Desperté en la noche, sin comprender dónde estaba, en un horizonte de risas, música y gritos de algarabía. Y la vi. Porque me ofreció una jarra con chicha de manzana del alto valle, helada, que bebí como si hubiera estado en el desierto. Ella se llamaba Quillén Quimey, que en mapuche significa “luna hermosa”, y de verdad les digo, en mucho tiempo no había visto una mujer tan hermosa. Alta, de cabellos negros y largos, morena de ojos verdes, y un cuerpo perfecto. Hablaba un castellano mezclado con el mapuche o el araucano, era un tanto difícil de entenderla. Pero desde mi admiración hice lo imposible y traté de averiguar si tenía dueño, cosa que entre sonrisas me contestaron que no. No era cuestión de mandarse una macana entre gente amable pero desconocida.
Me quedé seis días, y allí bebí del mejor de los placeres, entre esta gente y Quillén Quimey (hay que decirlo así, porque en la semántica de ellos, no se comprende el nombre separado del apellido), o sea “mi luna hermosa”.
Bajo protesta volví al trabajo, con la promesa de regresar algún día.
Yo pienso que no me fui, o que estoy volviendo ahora, en el mágico mundo de mis recuerdos, con un poema dedicado a Quillén Quimey, el misterioso amor que dejé en la montaña.
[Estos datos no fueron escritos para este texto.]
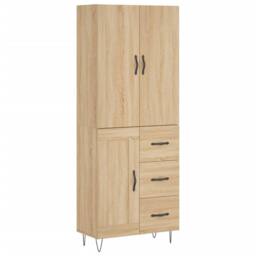 Berkfield Home Highboard Sonoma Oak 69.5x34x180 cm Engineered Wood in Light Tan - thumbnail 3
Quiero aclarar ahora que éste poema fue escrito en otro tiempo y otro lugar. Probablemente que hoy no dijera lo mismo, porque está lleno de conceptos posesivos que ya no comparto. Pero quise dejarlo así, con leves correcciones de sintaxis o forma que me parece que son inevitables. (Eduardo Dante Dall´Ara)
Quillén Quimey
En un ancho y oscuro cielo
Allí estabas
Y te vi
Como un espejismo reflejada en el estanque
Mi luna
Mi hermosa luna
El agua de la vertiente
Era un murmullo lejano
Y la manzana pastosa de la chicha
Fue tan dulce
Como el sabroso signo de tu nombre
Quillén Quimey
Quimey Quillén
Que le hiciste a mi vida
Cuántos infortunios y pesares se lavaron en tu abrazo
De toda culpa y misterio
Mi Quillén
Mi Quimey
En qué rincón de tu cuerpo se quedó mi angustia
En qué trazo de tu sonrisa anduvo mi desesperanza
Y en qué línea de tus labios se quedó mi cansancio
Ay, mi Quimey
Dónde estarás ahora
Ay, mi Quillén
Qué será de tu estrella
Dónde estará tu lenguaje
Dónde estará tu acento
No quiero decir ahora
Lo que dijiste esa noche
pero quiero que comprendas que tú estarás por siempre
En mi cansado corazón
Por supuesto que hoy no están en mi vida ni Quillén Quimey ni Susana, quien fuera mi mujer en ése tiempo.